(Exercise): Where a line below holds the string "documentaire", count it; then give the total without any other words.

(Records for this exercise):
^^^^^^^^

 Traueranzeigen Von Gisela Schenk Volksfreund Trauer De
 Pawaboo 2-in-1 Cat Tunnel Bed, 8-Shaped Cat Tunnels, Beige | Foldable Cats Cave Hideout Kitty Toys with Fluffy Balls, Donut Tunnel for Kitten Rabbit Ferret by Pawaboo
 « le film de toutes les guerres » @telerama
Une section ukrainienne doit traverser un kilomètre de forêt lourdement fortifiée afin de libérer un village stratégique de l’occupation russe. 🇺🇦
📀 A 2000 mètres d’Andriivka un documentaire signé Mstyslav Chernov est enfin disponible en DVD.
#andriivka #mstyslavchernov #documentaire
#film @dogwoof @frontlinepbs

^^^^^^^^

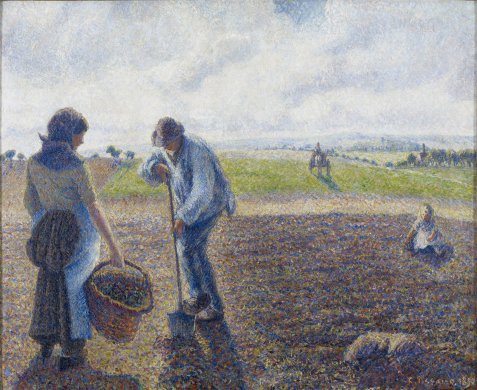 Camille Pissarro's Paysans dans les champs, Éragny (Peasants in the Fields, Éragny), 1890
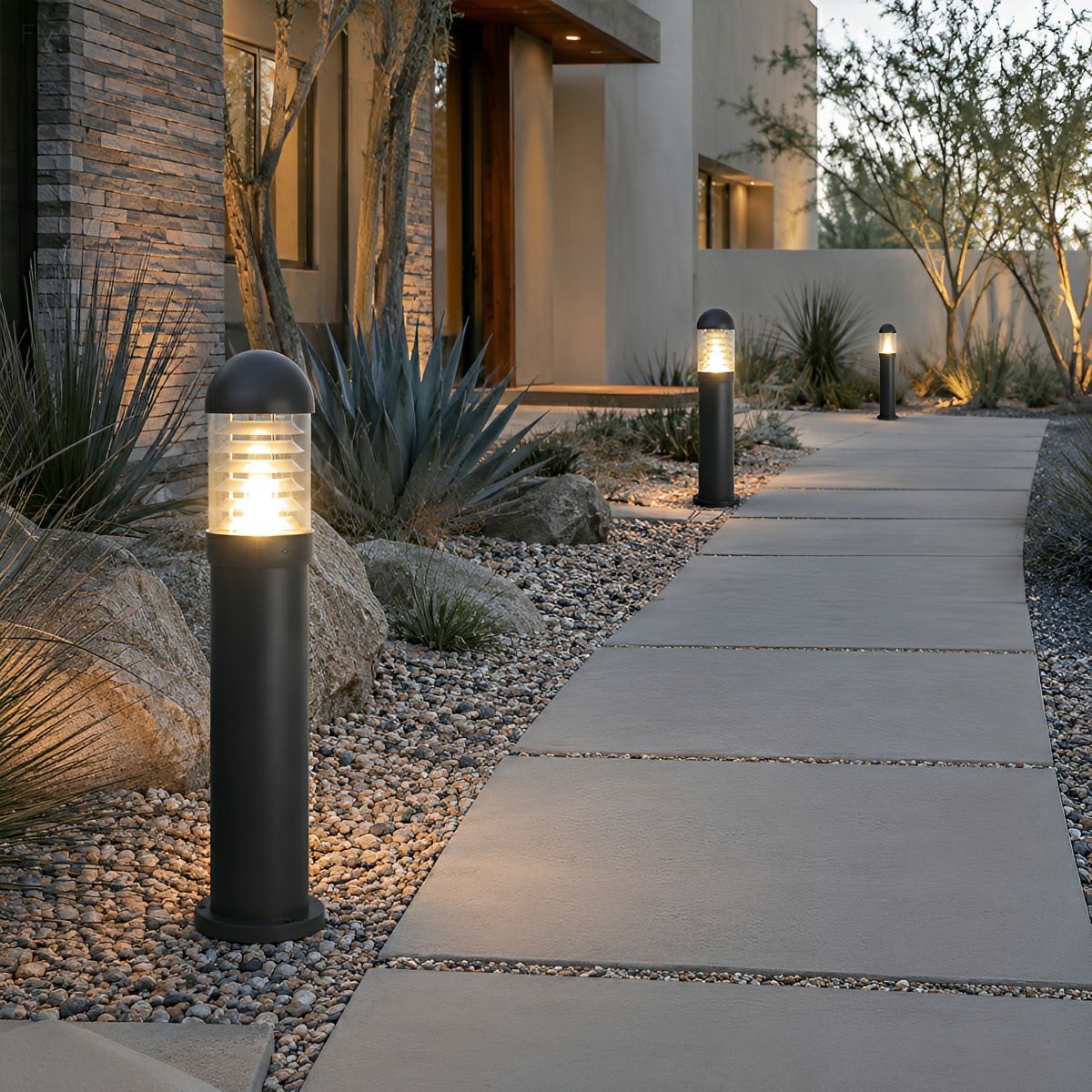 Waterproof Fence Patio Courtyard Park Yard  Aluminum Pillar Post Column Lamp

^^^^^^^^

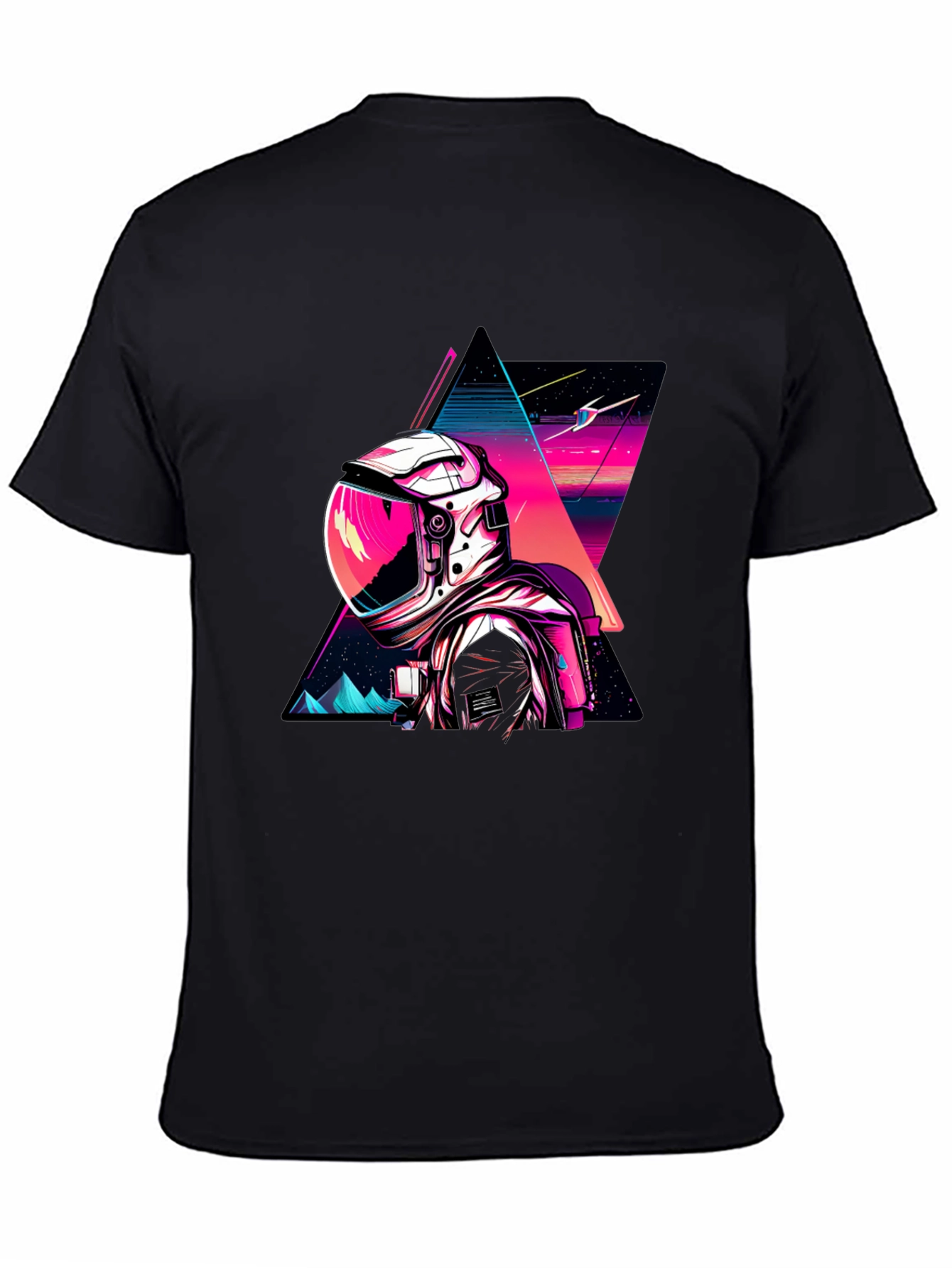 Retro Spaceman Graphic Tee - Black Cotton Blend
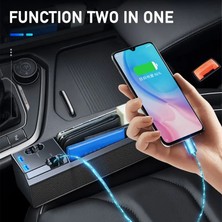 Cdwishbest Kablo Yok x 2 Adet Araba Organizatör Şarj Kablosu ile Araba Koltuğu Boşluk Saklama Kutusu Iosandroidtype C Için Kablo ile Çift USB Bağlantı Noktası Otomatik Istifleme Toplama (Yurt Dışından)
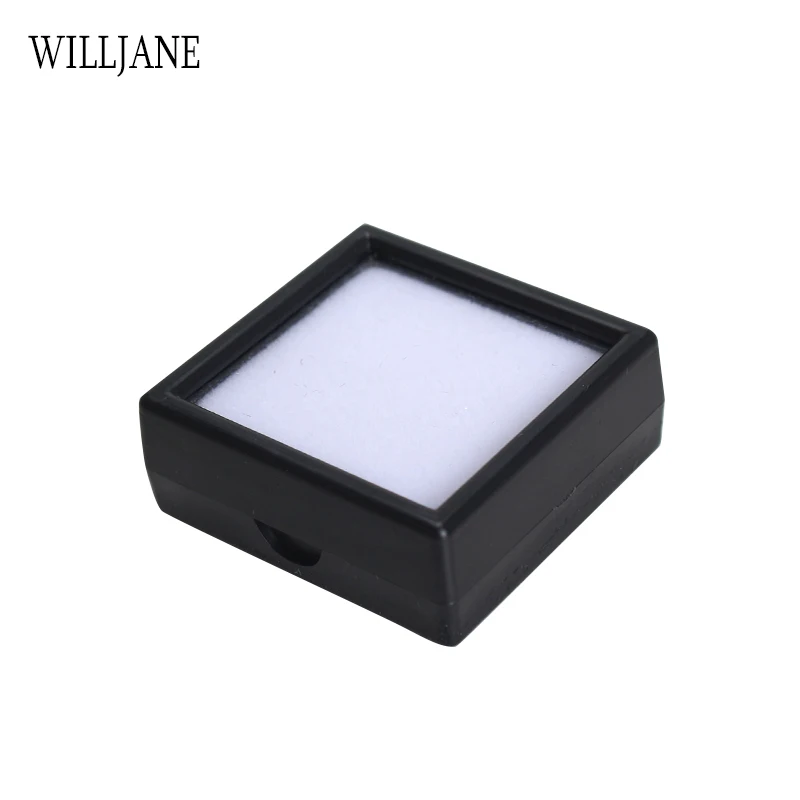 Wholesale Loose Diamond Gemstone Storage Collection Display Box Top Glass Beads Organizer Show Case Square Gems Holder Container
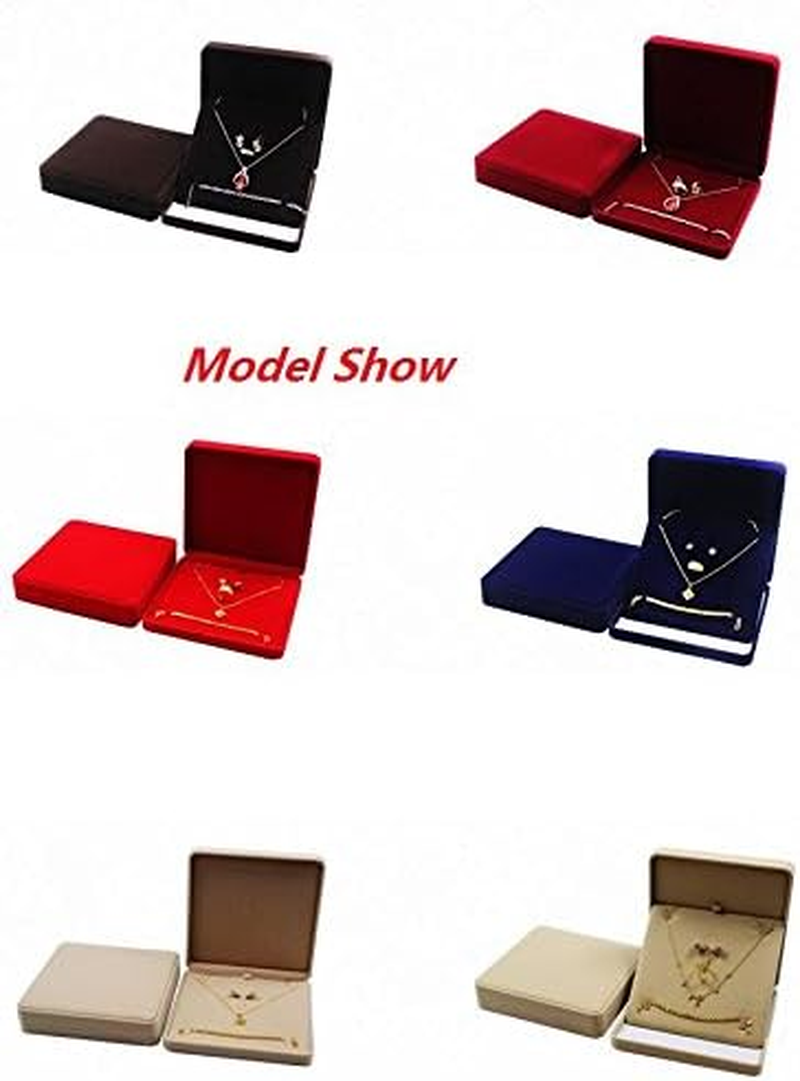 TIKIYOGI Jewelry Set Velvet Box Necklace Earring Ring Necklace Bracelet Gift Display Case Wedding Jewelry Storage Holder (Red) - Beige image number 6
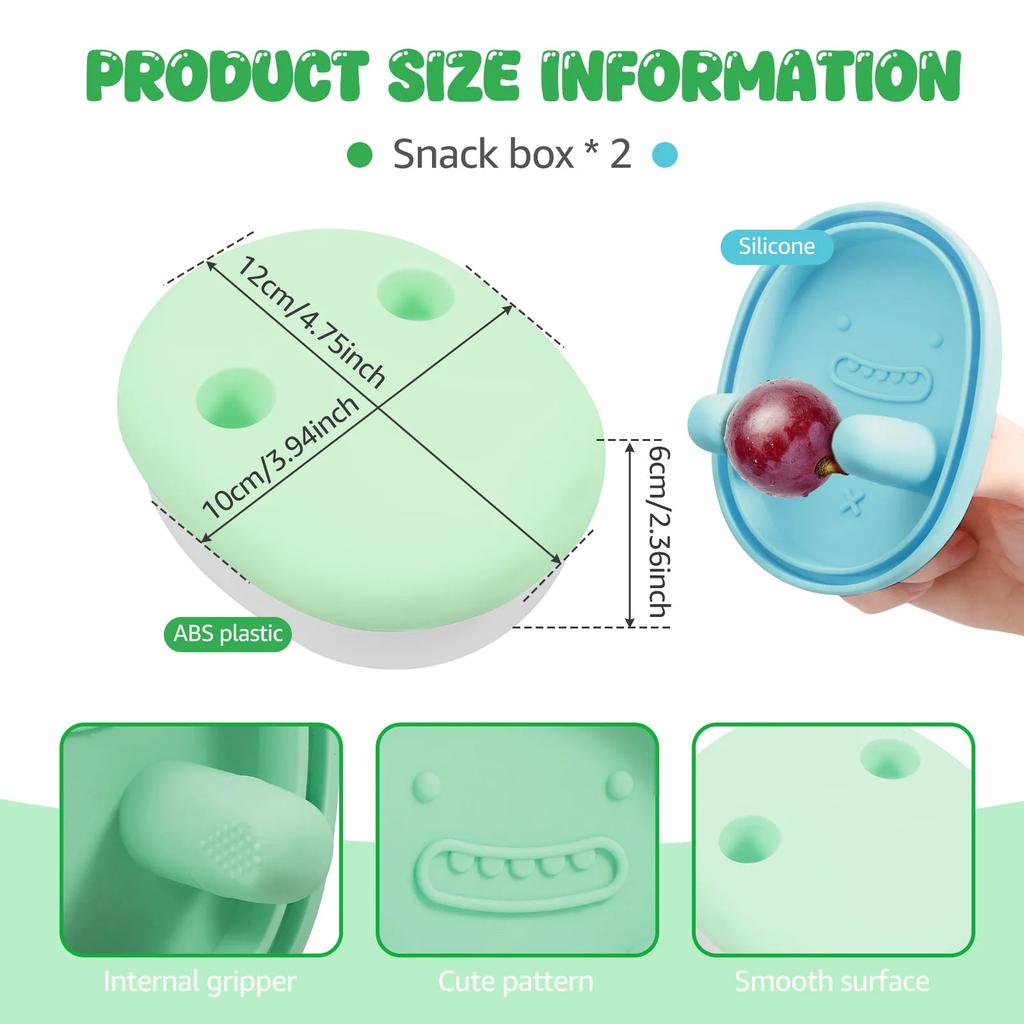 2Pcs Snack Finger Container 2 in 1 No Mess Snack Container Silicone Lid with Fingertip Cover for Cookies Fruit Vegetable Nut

^^^^^^^^

(Reply): 2